Die Kosten betragen 41 Millionen pro Jahr. Wenn man einen Vergleich ziehen will, so viel würde ungefähr der BerlKönig kosten, wenn wir ihn jedes Jahr im AB-Bereich fahren ließen. Ja, ein generell kostenloser ÖPNV würde Berlin, wie andere Metropolen auch, würde er von heute auf morgen eingeführt, finanziell natürlich überfordern, aber auch von den Kapazitäten her. Bis wir eines Tages ein solches Modell realisieren können, muss mehr Geld ins System. Die Einführung einer dritten Finanzierungssäule für Investitionen in den ÖPNV diskutieren wir. Auch die Infrastruktur muss modernisiert werden. Wir brauchen mehr Busse und Bahnen, mehr Personal, sodass ein solcher entgeltfreier ÖPNV nicht zu einem Verkehrskollaps führt.

Vizepräsidentin Cornelia Seibeld:

Herr Kollege! Sie müssen bitte zum Schluss kommen.
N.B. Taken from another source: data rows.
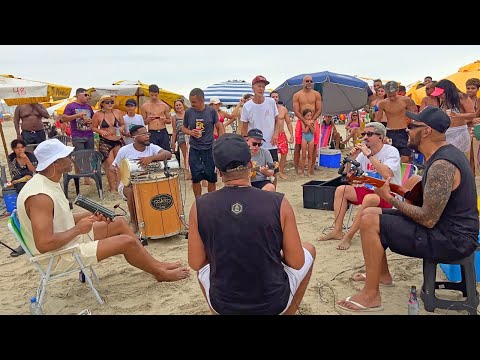 Pagode na Praia - Já É / Coisa de Pele / Domingo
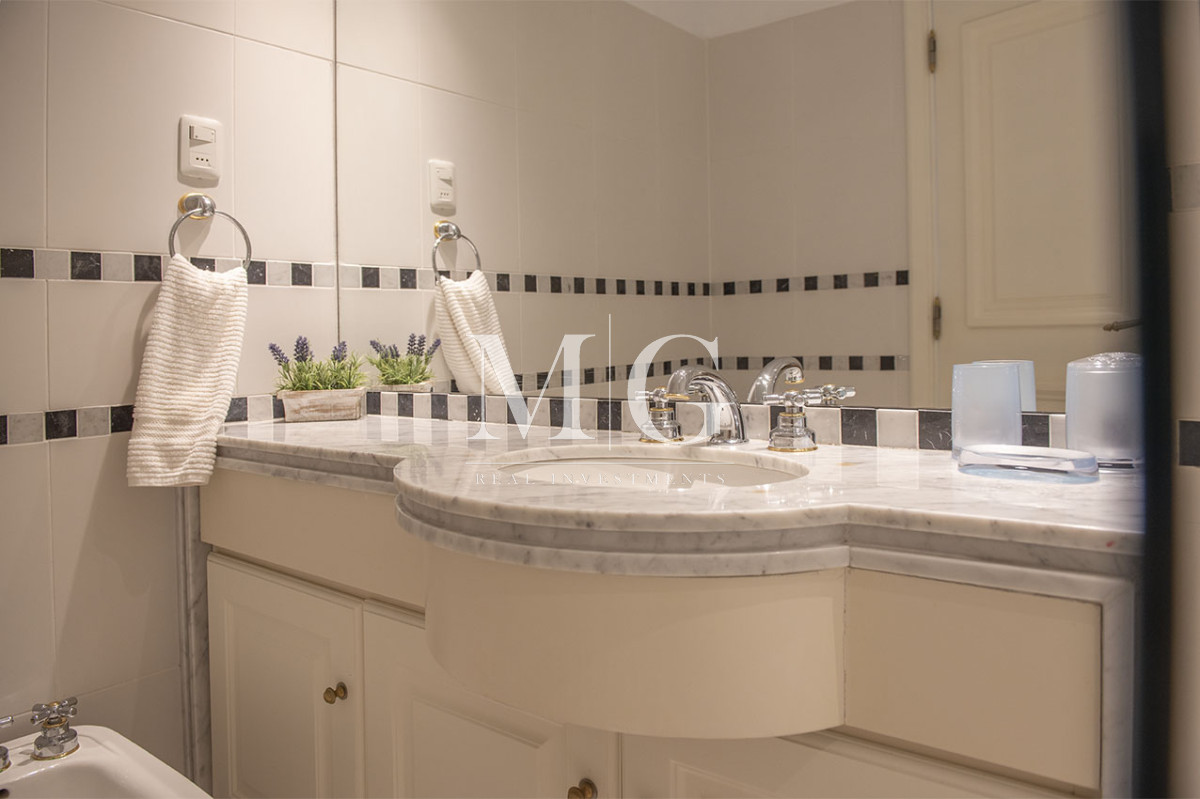 Apartamento ID.1497 - Penthouse Duplex en Venta de 4 dormitorios en Playa Brava , Punta del este 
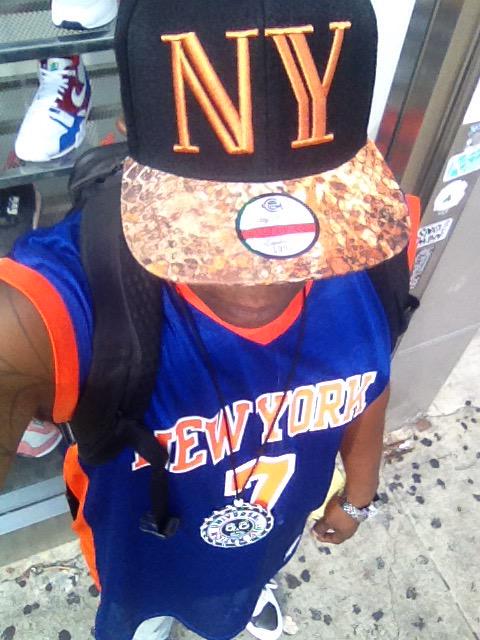 General_Holla's tweet photo. #MWwarrior #NYknicks #UniversalZuluNation #We4HipHop #TGIF #IRAKqueensIsStrongHearted http://t.co/4W4sLG1ORM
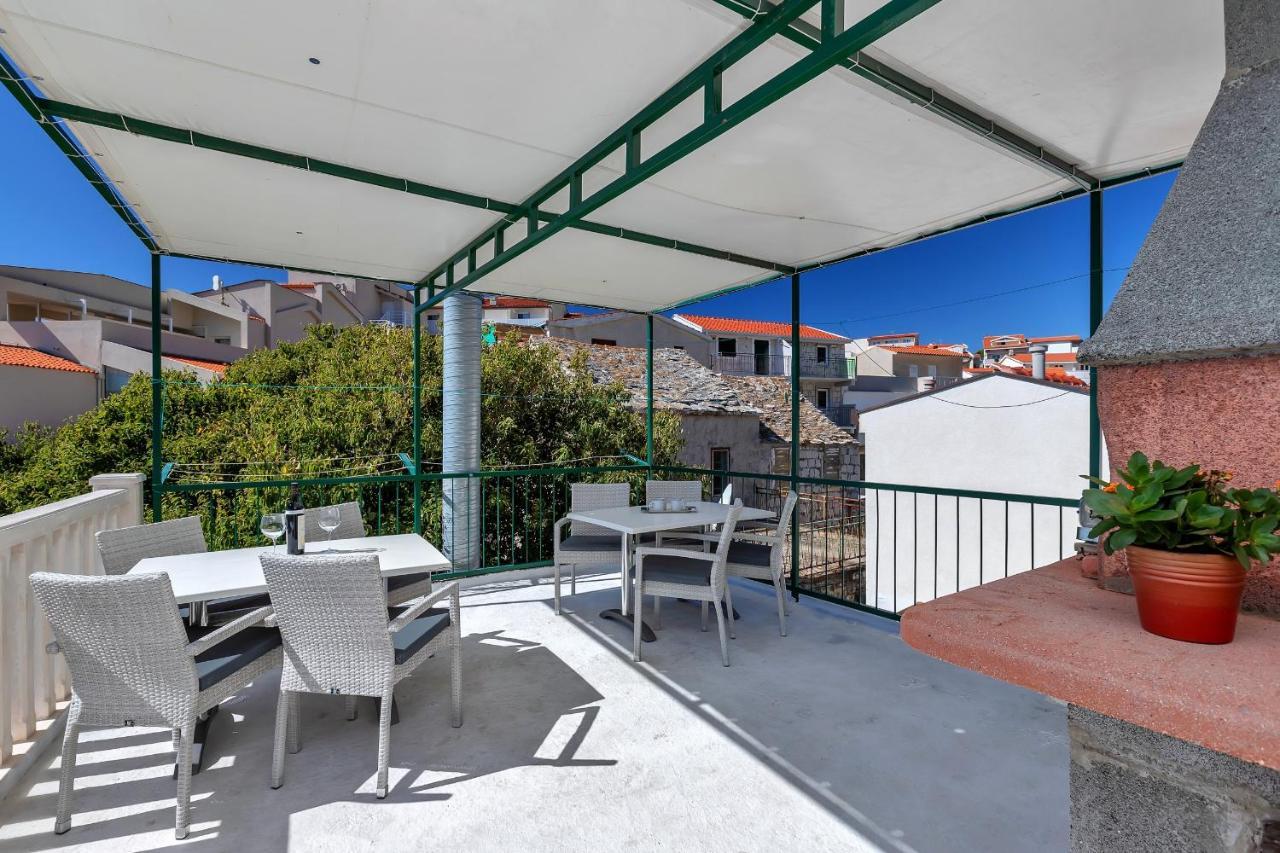 Dado A6 Apartments Igrane Bagian luar foto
Kristian Ronneburg (LINKE):

Ich komme zum Schluss. Wir werden auch an diesem Tag selbstverständlich alles dafür tun, dass die Verkehrsmittel gut ausgestattet sind, dass wir dort verdichten können, wo wir es eben auch tatsächlich machen können. Besser wäre es noch, wenn wir uns dazu zukünftig –

Vizepräsidentin Cornelia Seibeld:

Herr Kollege! Sie müssten jetzt bitte wirklich zum Schluss kommen.

Kristian Ronneburg (LINKE):

– mit Brandenburg verständigen könnten. Darauf bin ich auch sehr gespannt, auch auf die Ausschussdebatte. – In diesem Sinne, vielen Dank!